BEGIN THE DAY PEACEFULLY
Sitting quietly for 5-10 minutes before you start your morning routine can set the tone for your day. You can meditate or do some simple breath work before rising.
(Pro-Tip: Avoid your smart phone and hold off on checking your email or social media. It can wait.)
Fact: Science has proven time and time again that your morning routine sets the rhythm for the rest of your day.
SET POSITIVE INTENTIONS
Take a few moments to do a daily affirmation or think good thoughts about your day or others. Visualizing your day going smoothly and easily will also help establish a positive outlook.
(Pro-Tip: Visualize yourself from the current moment, living the best version for this particular day. Make it as vivid and detailed as possible. Incorporate feelings of joy, happiness, excitement and gratitude).
Within the first 30 minutes of waking up, perform a quick exercise routine. The goal here is not “fitness”, instead it’s to increase energy and stimulate your mind to elevate mental performance for the day. Furthermore, this quick routine will help release serotonin (happy hormones) during a time where you likely used to produce cortisol (stress hormones). Shockingly, science says if you do this for just 5 days, your body will begin to identify mornings with joy rather than tension and anxiety.
Instead of wolfing down whatever’s closest and most convenient, give yourself enough time to to prepare and notice what your food looks like, tastes like, smells like and feels like. Your digestive system will thank you.
Taking a few deep inhales and exhales can help to manages feelings of stress and anxiety during the day.
(Pro Tip: Learn Ujayi breath, it’s power stress relief tool. Here’s how.)
Staying hydrated with with water and herbal teas is a very kind act of self love and will boost your health and happiness.
The link between water and stress reduction is well documented. All of our organs, including our brains, need water to function properly. If you’re dehydrated, your body isn’t running well — and that can lead to stress.
STRETCH & MOVE
Many of us sit for long periods of time at our workplaces and this can lead to tension and tightness in our necks, lower back and hip flexors.
Moving, standing up and doing some simple yoga exercises at your desk can help relieve tension and help you refocus on your tasks.
SET REALISTIC EXPECTATIONS
Eat the elephant one bite at a time.
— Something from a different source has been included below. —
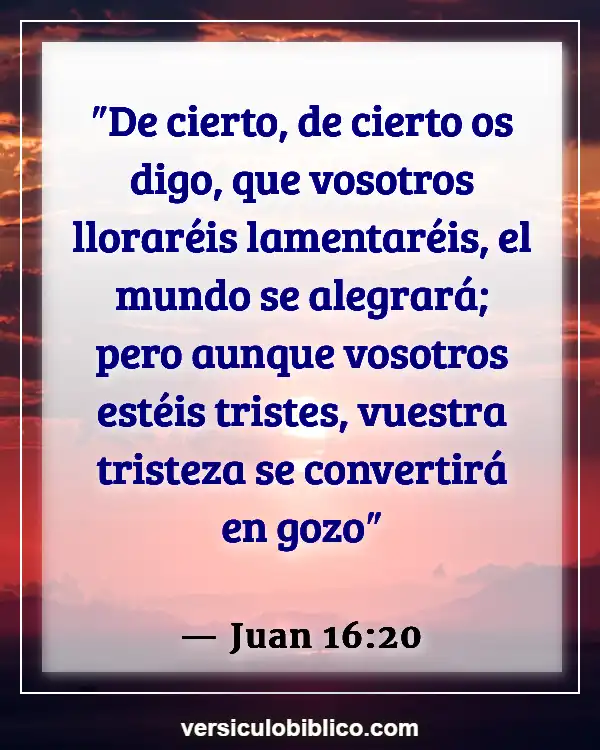 Versículos De La Biblia sobre Felicidad (Juan 16:20)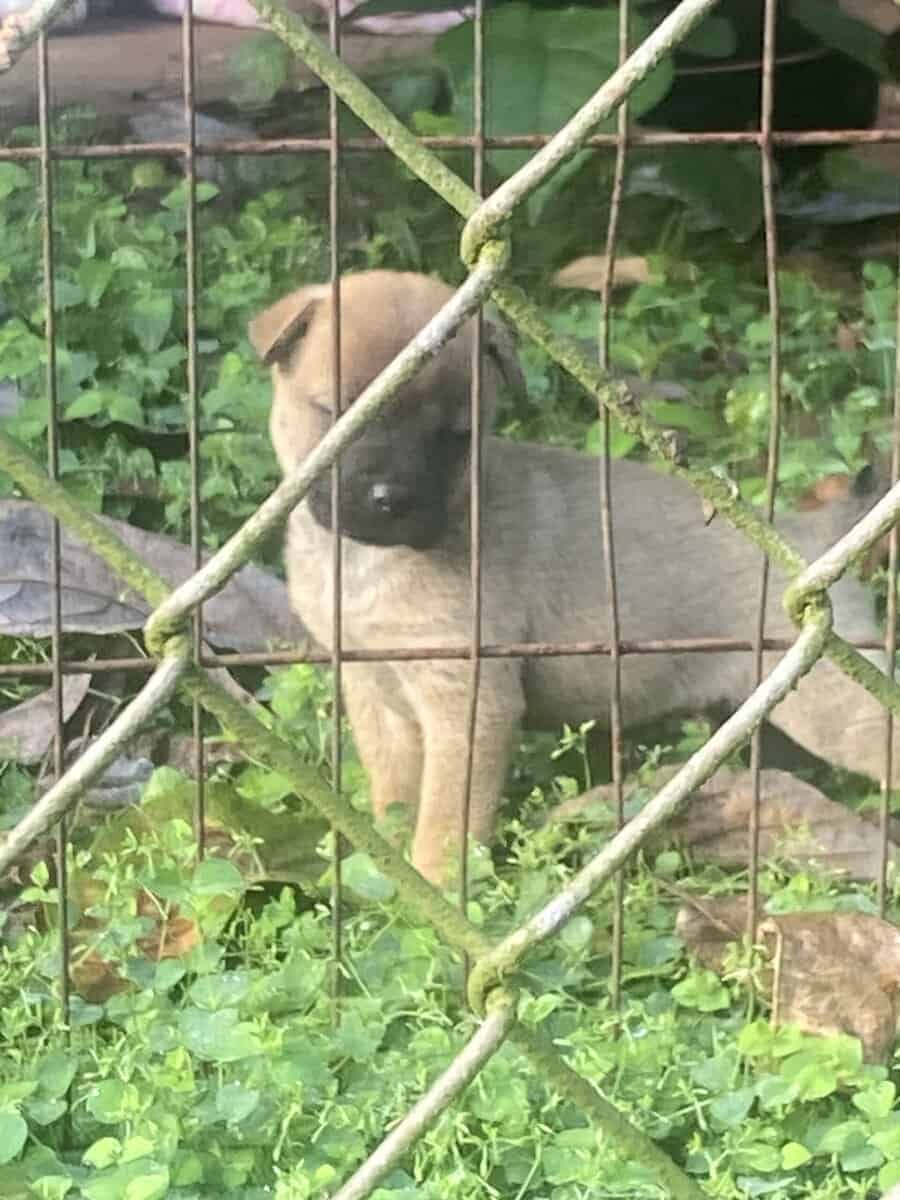 6 week old puppies image 11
We may get overwhelmed from time to time and have numerous tasks and responsibilities at hand. Plan accordingly, break everything down into small, manageable steps.
We often set ourselves to auto-pilot while we navigate our commutes or our walks. Be aware, turn off your phone and if you have a long commute, consider doing it in silence to let your brain have a break or put on soft soothing music. Classical is a favorite of mine.
If you’re on foot, lift your head up and don’t bury your face in your phone. It’s a great way to avoid being hit by a car or accidentally falling into a sink hole.
When you arrive home, allow yourself to transition from work-mode to home life. It’s important to shift gears and let the day go both physically and emotionally.
What was the best part of your day? Before you drift off to sleep, write down at least three things that went well and that you’re grateful for. It’s a wonderful way to conclude your day.